BEGIN Supplied data

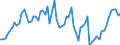 Indicator: Number of Identified Exporters to Malawi from: 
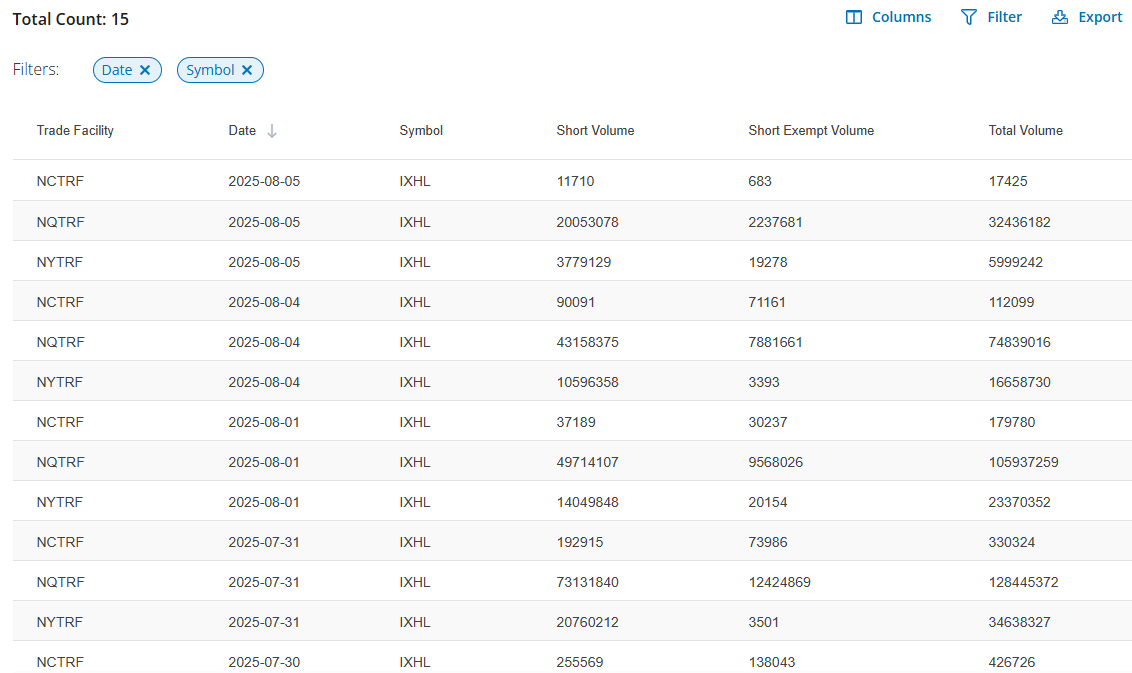 I won't be happy until I see $IXHL trending, do your part, let's bring awareness to this crime unfolding right before our eyes. <a href="/SECGov/">U.S. Securities and Exchange Commission</a> <a href="/DOGE_DOJ/">DOGE DOJ</a> <a href="/FINRA/">FINRA</a> #IXHL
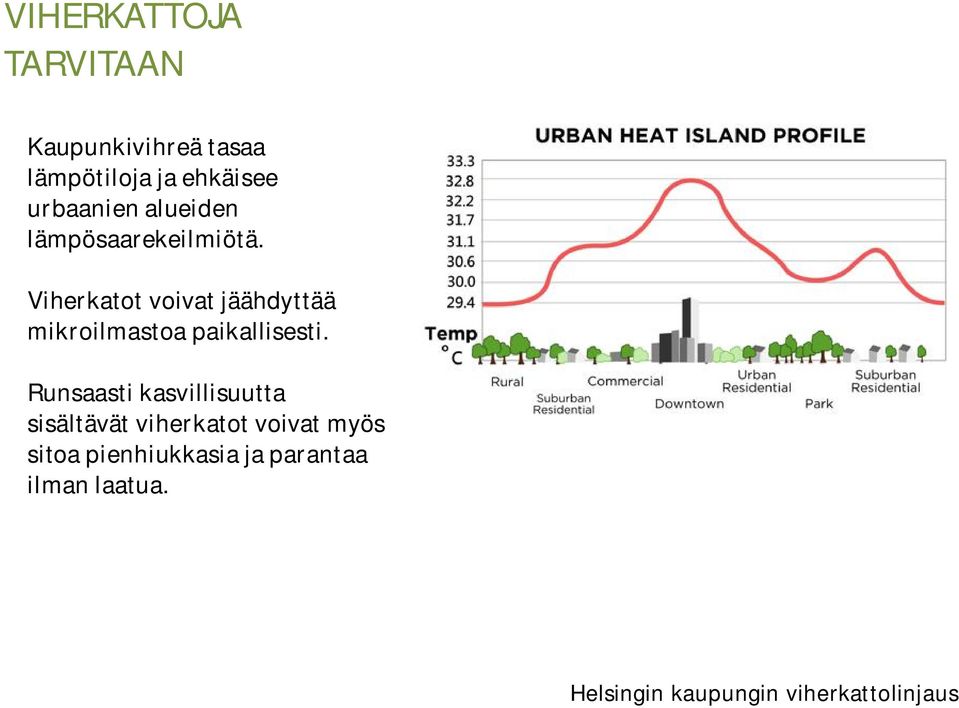 Viherkatot voivat jäähdyttää mikroilmastoa paikallisesti.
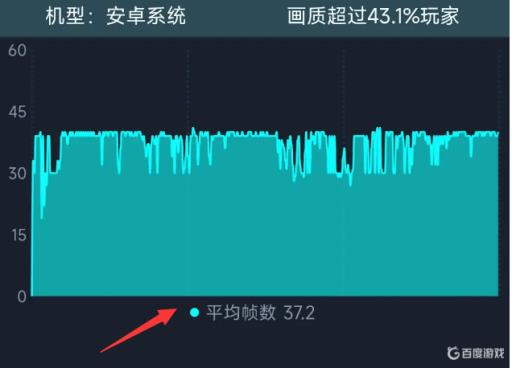 天机700和平精英可以开多少帧?_天玑720和平精英流畅加极限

END Supplied data

* **Required work**
Word for word, copy every line of the data, excluding any pictures.

* **Exercise response**
 Indicator: Number of Identified Exporters to Malawi from: 
 I won't be happy until I see $IXHL trending, do your part, let's bring awareness to this crime unfolding right before our eyes. <a href="/SECGov/">U.S. Securities and Exchange Commission</a> <a href="/DOGE_DOJ/">DOGE DOJ</a> <a href="/FINRA/">FINRA</a> #IXHL
 Viherkatot voivat jäähdyttää mikroilmastoa paikallisesti.
 天机700和平精英可以开多少帧?_天玑720和平精英流畅加极限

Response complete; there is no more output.